My electric guitar? I’ve had it for 15-20 years. This is the guitar I learned to play with, but the last 2 times we’ve gone to PNG it’s just been sat in storage. I’ve not played it this year home (thanks babies)… time to say goodbye.9ïppppppà⁰qq
My mountain bike? …maybe next time. I need time to get over getting rid of the guitar – that can go into storage again.

Last week I was on a recycling and selling frenzy. The guitar went 3 hours after posting it on marketplace… what else can go? (Eyes a baby speculatively)

Again I’m struck by how much time is involved in getting and then disposing of things. Part of our lifestyle is this regular shedding of our extra things (and an aversion to getting them in the first place), and yet it still feels like we’re losing the battle against accumulating more and more and more.
Part of that is Ok though. We’ll be returning to the UK and do we really want to be on the hunt for another set of saucepans AGAIN?
I guess we’re in this weird compromised place of trying to have as little as we comfortably can, while at the same time maintaining a stash of household items in the UK, Netherlands and Papua New Guinea.
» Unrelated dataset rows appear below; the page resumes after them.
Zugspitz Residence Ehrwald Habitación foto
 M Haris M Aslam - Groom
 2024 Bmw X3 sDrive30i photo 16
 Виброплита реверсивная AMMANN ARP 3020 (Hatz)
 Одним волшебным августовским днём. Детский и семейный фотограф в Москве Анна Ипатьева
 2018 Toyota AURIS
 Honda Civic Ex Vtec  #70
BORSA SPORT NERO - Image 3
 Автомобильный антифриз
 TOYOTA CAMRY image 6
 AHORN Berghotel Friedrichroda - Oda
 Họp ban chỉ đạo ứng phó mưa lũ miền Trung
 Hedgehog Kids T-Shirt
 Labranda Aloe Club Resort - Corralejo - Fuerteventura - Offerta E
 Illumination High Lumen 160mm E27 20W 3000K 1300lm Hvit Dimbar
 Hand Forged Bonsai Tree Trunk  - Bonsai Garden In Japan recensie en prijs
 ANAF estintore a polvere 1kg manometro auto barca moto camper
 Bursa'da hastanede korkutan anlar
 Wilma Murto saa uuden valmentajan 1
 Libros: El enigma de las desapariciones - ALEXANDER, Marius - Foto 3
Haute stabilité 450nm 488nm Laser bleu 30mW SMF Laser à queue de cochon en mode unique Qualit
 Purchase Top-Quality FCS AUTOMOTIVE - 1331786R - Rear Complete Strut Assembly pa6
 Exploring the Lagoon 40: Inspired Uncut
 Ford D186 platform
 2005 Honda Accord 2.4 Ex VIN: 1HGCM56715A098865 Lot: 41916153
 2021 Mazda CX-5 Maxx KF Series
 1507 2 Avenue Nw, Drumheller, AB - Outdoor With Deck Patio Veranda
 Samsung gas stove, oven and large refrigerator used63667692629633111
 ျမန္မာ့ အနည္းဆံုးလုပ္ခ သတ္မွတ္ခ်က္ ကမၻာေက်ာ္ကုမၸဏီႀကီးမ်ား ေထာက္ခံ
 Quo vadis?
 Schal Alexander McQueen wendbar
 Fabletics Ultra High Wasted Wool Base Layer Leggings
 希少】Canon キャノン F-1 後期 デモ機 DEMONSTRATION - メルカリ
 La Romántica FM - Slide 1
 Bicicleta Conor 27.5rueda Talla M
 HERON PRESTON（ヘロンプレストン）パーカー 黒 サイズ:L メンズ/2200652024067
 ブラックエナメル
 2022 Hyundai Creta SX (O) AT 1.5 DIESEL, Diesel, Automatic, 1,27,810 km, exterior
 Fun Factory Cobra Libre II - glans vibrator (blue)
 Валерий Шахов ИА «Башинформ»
It’s been interesting to me to see how it affects my hobbies. Guitar and mountain biking were huge hobbies for me, but over the years both have been gradually stripped away. A mountain bike needs a place to store it and a whole collection of tools to keep it maintained. I’m getting tired of all my tools, lubricants, and spare parts taking up half of one of our 3 UK storage boxes though. The bike survived this purge (Actually this bike is my old bike; my pride and joy bike was given away years ago), but the spare parts didn’t.
I’ve got an acoustic guitar in Kovol (which needs some gluing – note to self, pack wood glue), but everything else is now gone.
In its place, computer games and tinkering with programming languages have become more and more important. Arguably not as healthy as mountain biking; but digital purchases don’t weigh anything and since I have a laptop for recording language data; why not also depend on it for entertainment and the satisfaction of creating things?

Reading is all through kindle ebooks – again weightless. It’s weird for me whenever I visit someone’s house and see their bookshelves bulging with books. They’re able to point out favorites and can lend them out to people… It’s a homey, comfortable thing, that conveys a sense of someone’s journey. I’m not quite sure what the feeling is I feel seeing someone’s physical book collection. After 11 years of trying to shed as many of my possessions as possible, buying all my books for kindle, it’s not jealousy I feel, I’m glad for them. I guess it’s incredulity – I can’t imagine ever having that.

I’ll return to the catchphrase I was taught during training: “It’s not wrong, it’s just different”. They meant it to apply to culture… and I guess that is what this is. Reflections on living life in a missionary culture.

This was wrong… my attempt to use up our red food colouring

1 Comment

Lois S. · 10/11/2021 at 11:48 pm

Thanks for sharing. Such a challenge to be “in the world yet not of the world.” And to live as “strangers and aliens” when everyone else seems to have settled in. Praying for you!